* TASK ITEM: Copy the listing verbatim, excluding any images found in it.

* GIVEN INFORMATION:

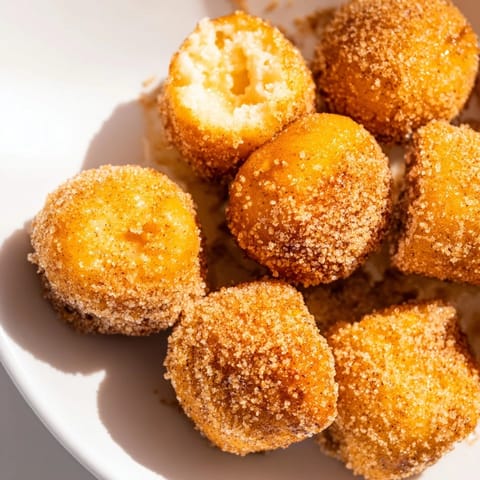 Airfryer Zimt Donuts weich fluffig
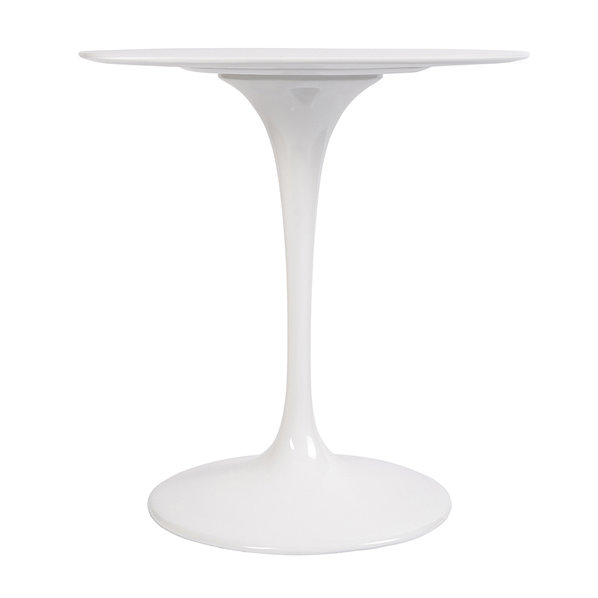 Стол Tulip Table белый Top MDF D70 глянцевый от дизайнера EERO SAARINEN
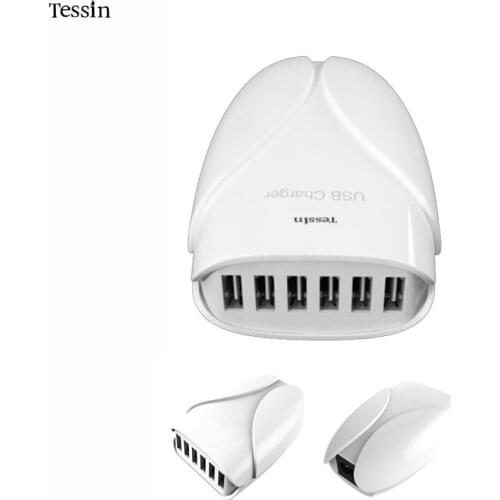 INGMAYA USB Charger 30W 6 Port Quick Charge For iPhone 4S 5S 5 6 6S 7 Plus Samsung Huawei ZTE Sony LG Mi Mp3 Mp4 AC Adapter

* FINISHED EXERCISE:
 Airfryer Zimt Donuts weich fluffig
 Стол Tulip Table белый Top MDF D70 глянцевый от дизайнера EERO SAARINEN
 INGMAYA USB Charger 30W 6 Port Quick Charge For iPhone 4S 5S 5 6 6S 7 Plus Samsung Huawei ZTE Sony LG Mi Mp3 Mp4 AC Adapter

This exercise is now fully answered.